If you’re visiting energy saving websites that are not authority sites, the chances are that you’ve read that you should close your air vents to save energy in winter. Unfortunately, this “helpful” tip can actually do more harm than good. So, here we’ll bust a few myths about HVAC air vents and the airflow and energy saving argument.

Airflow and Closing Vents:

There are vents throughout your home in the various rooms. These are in place to allow the conditioned air from your HVAC system to be directed around your home. There is a misconception that if you close the vents in one area of your home, it will allow the air to be redirected to another area.

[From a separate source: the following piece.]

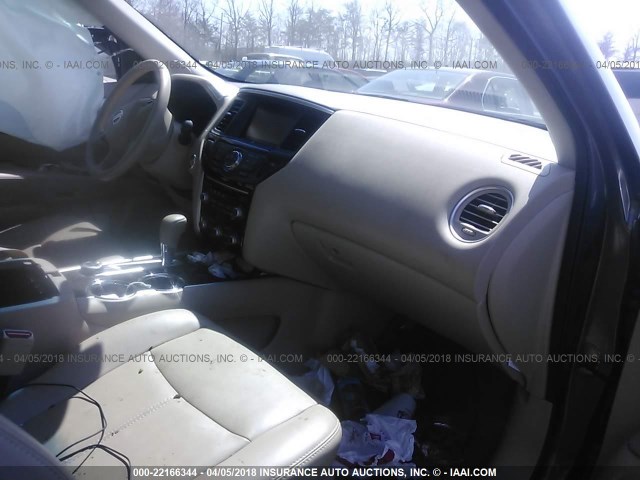 5N1AR2MM6EC722660 - 2014 NISSAN PATHFINDER S/SV/SL/PLATINUM 灰色 照片 5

For example, if you have a room or area in your home that you use infrequently, you may not want to fully heat it in winter. Unfortunately, closing vents will redirect the air, but it is not as simple as you may think.

When you close the registers, the air will back up in the ductwork, increasing the pressure in the system. This pressure will be exerted into the ductwork, leading to duct leaks. So, the air that you wanted to direct into more frequently used rooms in your home may actually be lost into unconditioned areas. Additionally, the increased pressure in the ductwork and duct leaks will force the furnace to compensate by running for longer periods, increasing your energy usage.

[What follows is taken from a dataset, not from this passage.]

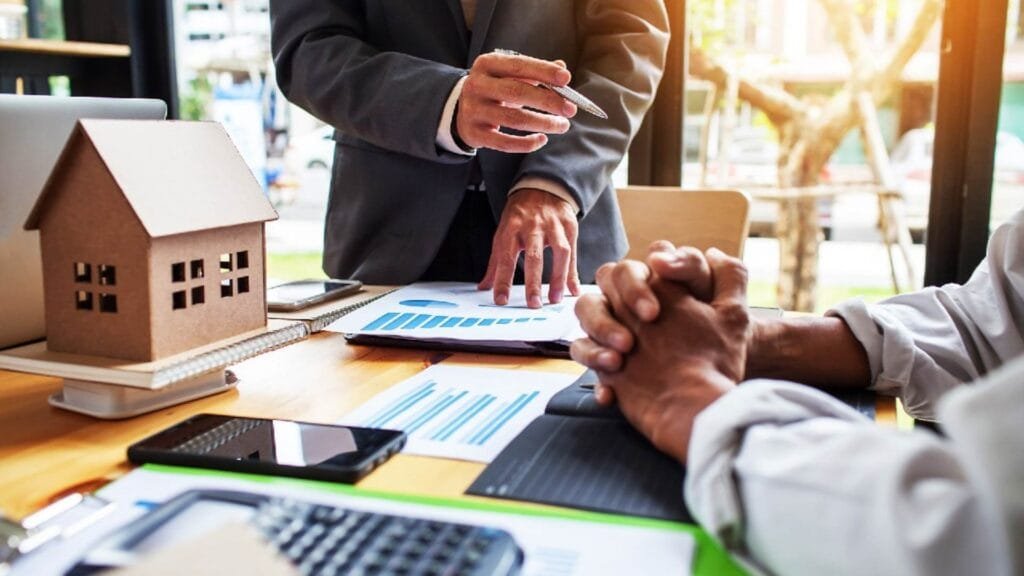 «الرقابة المالية» تُرخص لـ 3 شركات بمزاولة أنشطة العقود الآجلة والاستثمار العقاري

Will You Save Energy by Closing Vents?

You may have read that if you close air vents, you’ll save energy, but as we just touched on, it can actually lead to increased energy consumption. Your HVAC system was designed to heat your home entirely and the equipment size was calculated according to its size and characteristics. Your furnace does not recognize that you’ve closed vents, so it will continue to work to heat the space that it was designed for.

Will Closing Vents Help Airflow?

If you have unused rooms, you may have wondered if you can improve airflow by closing off those vents. This is not the case. The vital furnace components need a minimum volume of return airflow to maintain its optimum internal temperature. When you close supply air vents, you’ll reduce airflow and could potentially cause the heat exchanger to overheat. This is one of the most expensive components in a HVAC system, so it is costly to replace. Additionally, if cracks develop and the heat exchanger becomes defective, there is a safety hazard, since carbon monoxide could be allowed to infiltrate.

In summer, closing off the vents could lead to frozen coils in your AC system, which can damage the compressor.

So, whether it is summer or winter, closing off your air vents will not help airflow. In fact, it can cause damage to the system components, increasing your repair bills and potentially leading to early replacement.

Will Closing Vents Help in Other Areas of the Home?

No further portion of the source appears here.